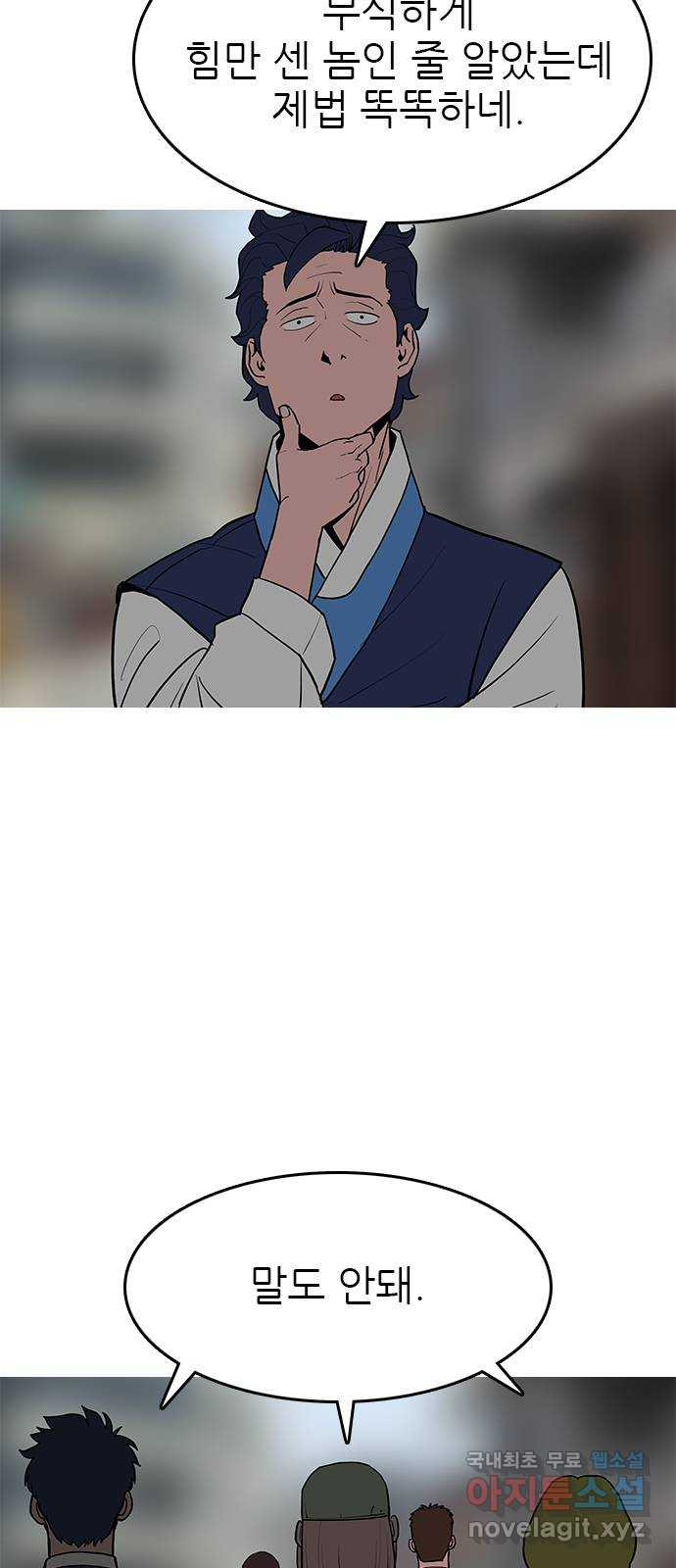 1683520421309lajgf89ufg.jpeg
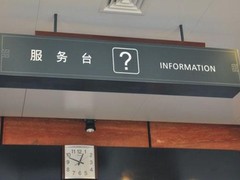 西安公交站台制作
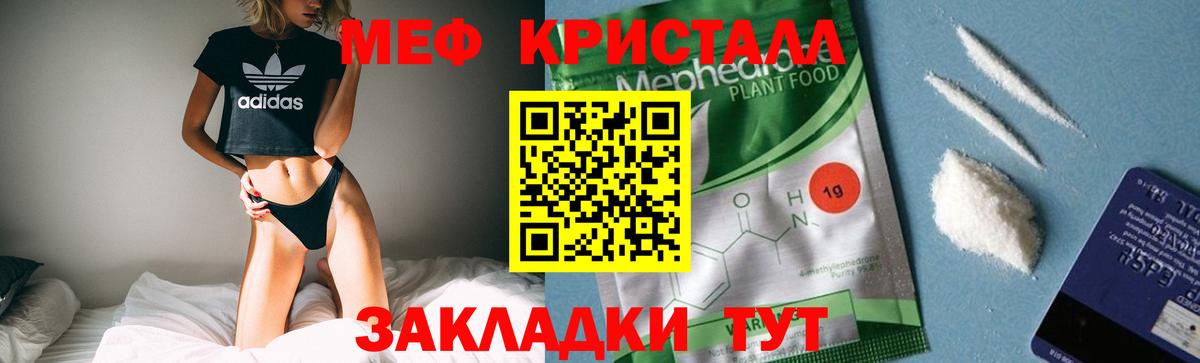 Мефедрон мука Губкинский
------------------------------
Exercise prompt
Print the complete listing exactly as it stands, without its pictures.

Task solution
 1683520421309lajgf89ufg.jpeg
 西安公交站台制作
 Мефедрон мука Губкинский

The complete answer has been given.